◆ EXERCISE REQUIREMENTS
Each line of the data below should be repeated exactly.

◆ DATASET CONTENT

____

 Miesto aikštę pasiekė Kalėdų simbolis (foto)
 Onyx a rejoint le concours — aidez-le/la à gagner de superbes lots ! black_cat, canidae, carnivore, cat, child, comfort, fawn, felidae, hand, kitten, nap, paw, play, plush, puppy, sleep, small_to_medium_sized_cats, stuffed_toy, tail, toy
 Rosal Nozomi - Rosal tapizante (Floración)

____

◆ PROBLEM SOLUTION
 Miesto aikštę pasiekė Kalėdų simbolis (foto)
 Onyx a rejoint le concours — aidez-le/la à gagner de superbes lots ! black_cat, canidae, carnivore, cat, child, comfort, fawn, felidae, hand, kitten, nap, paw, play, plush, puppy, sleep, small_to_medium_sized_cats, stuffed_toy, tail, toy
 Rosal Nozomi - Rosal tapizante (Floración)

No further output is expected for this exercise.